Ætherisch / Körper & Geist Talentschema = ringförmig Außergewöhnlich ausgeprägte Gegenwart des Elements erforderlich um entsprechendes Zeichen zu erlernen (ein großes Feuer, ein Berg, ein Fluss oder eine windige Ebene, Sumpf, Vulkan, Gewitter oder Gletscher).

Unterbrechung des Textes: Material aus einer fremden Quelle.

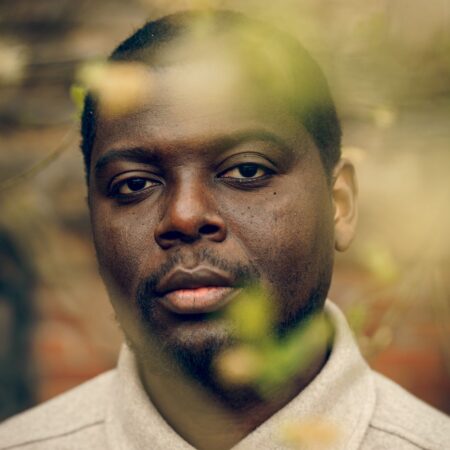 Close-up portrait of Richard Kudekha-Lark looking directly at the camera through out-of-focus foliage.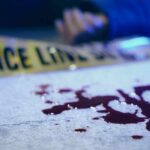 Blood on pavement with police tape and a hand in the background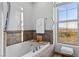 Bathroom featuring a soaking tub with tile surround and scenic window view at 20 Via Visione # 104, Henderson, NV 89011
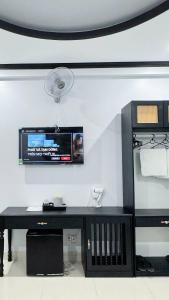 Et tv og/eller underholdning på VICTORY hotel Q8 + 37 billeder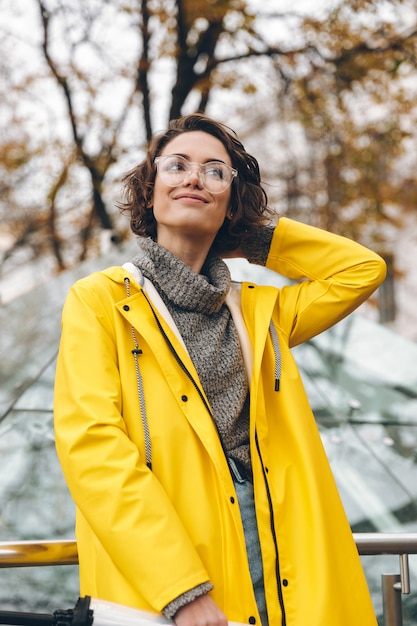 Gorgeous woman with beautiful curly hair walking through city center on weekend taking pleasure while spending time alone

Ggf kann man nur ein paar Lernpunkte in einer bestimmten Situation sammeln und muss dann mit dem Rest warten bis sich wieder eine Gelegenheit ergibt. Beim Reisen können verteilte Punkte durch verschiedene Landschaftstypen gesammelt werden, daher oft mehrere Zeichen parallel. Hier gibt es keinen Bonus durch einen Lehrmeister, die Elemente selbst sind der Lehrer. Je imposanter die Gegenwart, desto höher der Bonus.

Feenlieder

Traum / Körper & Seele "Sphärenmusik" Talentschema = entwickelnd Basierend auf Erlebnissen, Fertigkeitswert in Musikinstrument/Singen Alle Lieder und damit auch die Effekte müssen selbst erdacht werden und auf Ereignissen und Erlebnissen des Charakters basieren (ein hervorragend gemeisterter Kampf, eine gescheiterte Liebschaft, ...). Besonders lange Lernzeit. Entwickelndes Talentschema - thematische Zusammenhänge erforderlich, nur gewisse SG-Diferenzen zum nächsten Lied erlaubt. Man kann zwar auch Lieder von anderen beigebracht bekommen, allerdings werden bei fremden Liedern SG um +2 und Kosten um +1 erhöht. Überarbeitung kann diesen Zuschlag ggf. mit der Zeit mindern. Einen erfahrenen Barden (höherer Rang) um Hilfe zu bitten, kann einen Bonus auf die Lernproben geben.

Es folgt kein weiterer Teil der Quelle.